Features, matching, and robust estimation

This lesson is the bridge between pixels and discrete geometric constraints: detect repeatable keypoints, build descriptors, propose matches, then fit models (homography, essential matrix) despite outliers with RANSAC.

Figure

The classical feature pipeline

Four stages: detect repeatable keypoints, describe them with a vector, find candidate matches, then keep only the geometry-consistent ones.

Learning objectives

Derive the Harris corner criterion from the structure tensor.
Compare SIFT, ORB, and learned local features at a practical level.
Apply Lowe's ratio test and explain mutual nearest neighbor matching.
Fit a homography and essential matrix; know when each model applies.
Compute RANSAC iteration counts from outlier fraction.
Outline epipolar geometry for two calibrated views.

Prerequisites

Convolution / gradients lesson (structure tensor uses $I_x, I_y$ ).
Camera projection lesson (homogeneous coordinates, $K$ ).

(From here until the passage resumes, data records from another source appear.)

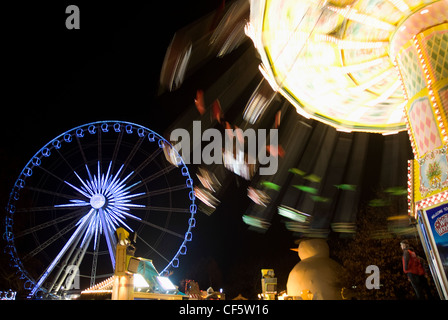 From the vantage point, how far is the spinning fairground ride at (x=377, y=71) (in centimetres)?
676

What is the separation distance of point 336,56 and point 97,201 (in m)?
13.3

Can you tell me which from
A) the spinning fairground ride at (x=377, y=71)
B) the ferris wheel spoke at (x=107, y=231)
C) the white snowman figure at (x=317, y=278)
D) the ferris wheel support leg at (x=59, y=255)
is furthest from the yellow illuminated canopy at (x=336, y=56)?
the ferris wheel support leg at (x=59, y=255)

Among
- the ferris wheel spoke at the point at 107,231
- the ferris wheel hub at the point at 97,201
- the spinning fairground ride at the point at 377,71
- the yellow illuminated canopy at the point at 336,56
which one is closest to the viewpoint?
the spinning fairground ride at the point at 377,71

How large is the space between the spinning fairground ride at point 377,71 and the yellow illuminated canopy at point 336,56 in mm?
23

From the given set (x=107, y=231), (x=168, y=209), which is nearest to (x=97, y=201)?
(x=107, y=231)

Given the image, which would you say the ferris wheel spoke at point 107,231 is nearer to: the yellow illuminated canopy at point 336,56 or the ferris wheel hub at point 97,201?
the ferris wheel hub at point 97,201

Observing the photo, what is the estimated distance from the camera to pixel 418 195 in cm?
702

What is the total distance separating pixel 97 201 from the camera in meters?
18.3

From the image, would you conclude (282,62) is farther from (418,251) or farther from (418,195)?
(418,251)

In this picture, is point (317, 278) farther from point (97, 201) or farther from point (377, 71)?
point (377, 71)

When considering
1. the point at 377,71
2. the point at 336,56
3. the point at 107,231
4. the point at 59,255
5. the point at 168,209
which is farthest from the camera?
the point at 168,209

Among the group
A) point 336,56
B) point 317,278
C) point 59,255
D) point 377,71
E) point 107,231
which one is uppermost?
point 336,56

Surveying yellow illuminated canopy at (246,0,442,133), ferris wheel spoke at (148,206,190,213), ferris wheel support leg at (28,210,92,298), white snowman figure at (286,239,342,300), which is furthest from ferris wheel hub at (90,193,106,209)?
yellow illuminated canopy at (246,0,442,133) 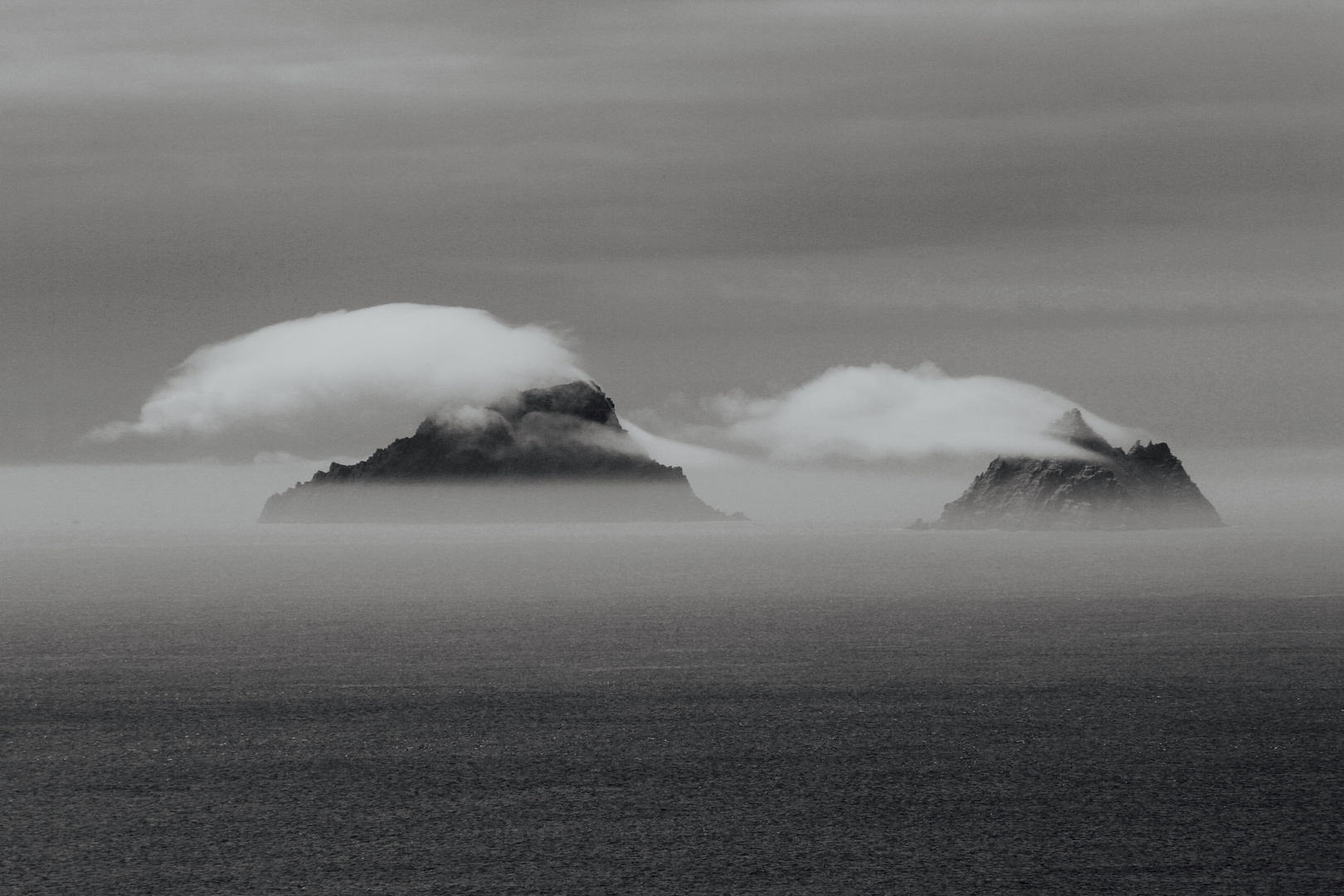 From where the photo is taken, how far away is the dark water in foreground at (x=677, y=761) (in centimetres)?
1305

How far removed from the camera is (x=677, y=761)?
1839 cm

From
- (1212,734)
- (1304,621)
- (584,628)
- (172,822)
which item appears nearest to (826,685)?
(1212,734)

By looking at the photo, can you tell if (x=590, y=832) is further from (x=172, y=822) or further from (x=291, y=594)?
(x=291, y=594)

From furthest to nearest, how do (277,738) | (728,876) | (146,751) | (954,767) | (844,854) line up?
1. (277,738)
2. (146,751)
3. (954,767)
4. (844,854)
5. (728,876)

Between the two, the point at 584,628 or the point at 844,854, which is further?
the point at 584,628

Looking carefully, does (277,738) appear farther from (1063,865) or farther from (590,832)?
(1063,865)

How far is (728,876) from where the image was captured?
498 inches

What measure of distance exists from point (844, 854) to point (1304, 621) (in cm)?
3657

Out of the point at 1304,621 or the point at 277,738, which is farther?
the point at 1304,621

Step 1 — Structure tensor and Harris corners

In a window $W$ , accumulate gradient statistics:

M = \sum_{(x,y)\in W} \begin{bmatrix} I_x^2 & I_x I_y \\ I_x I_y & I_y^2 \end{bmatrix}

Eigenvalues $\lambda_1, \lambda_2$ of $M$ characterize local structure:

$\lambda_1, \lambda_2$	Region type
both small	flat — no corner
one large, one small	edge — ambiguous along edge
both large	corner — distinctive

Harris response (one common form):

R = \det(M) - k\,(\mathrm{trace}\,M)^2 = \lambda_1\lambda_2 - k(\lambda_1+\lambda_2)^2

with $k \approx 0.04$ – $0.06$ . Peaks in $R$ are corner candidates; non-maximum suppression thins them.

Figure

Flat patch vs edge vs corner

A patch only counts as a distinctive feature if shifting it in any direction makes the patch content change.

Checkpoint: Why is a straight step edge a poor unique landmark?

Sliding along the edge does not change appearance — only one large eigenvalue.

Step 2 — Detect → describe → match

Stage	Output	Failure mode
Detector	$(x,y,\sigma)$ keypoints	Repeatability under blur / exposure
Descriptor	vector $\mathbf{d} \in \mathbb{R}^D$	Not invariant to desired transforms
Matcher	pairs $(i,j)$	Ambiguity on repetitive texture

SIFT (classical gold standard)

DoG scale-space extrema for scale selection.
Dominant orientation from gradient histogram.
128-D histogram-of-gradients descriptor, normalized for illumination.

ORB (fast, binary)

FAST corners + oriented BRIEF (binary tests) → Hamming distance.
Common on mobile; less robust to large scale change than SIFT.

Learned features (SuperPoint, etc.)

CNN predicts keypoints + descriptors end-to-end; often better on texture-poor scenes at compute cost.

Exercise: List three transforms descriptors target (e.g. rotation) and one that still breaks matchers (e.g. strong specular highlight).

Step 3 — Matching and Lowe's ratio test

Nearest neighbor in descriptor space: $j^* = \arg\min_j \|\mathbf{d}_i - \mathbf{d}'_j\|$ .

Lowe's ratio test: accept match $i \to j^*$ only if

\frac{\|\mathbf{d}_i - \mathbf{d}'_{j^*}\|}{\|\mathbf{d}_i - \mathbf{d}'_{j^{**}}\|} < \rho

(e.g. $\rho = 0.7$ – $0.8$ ), where $j^{**}$ is the second-best match. Rejects ambiguous matches on repetitive brick.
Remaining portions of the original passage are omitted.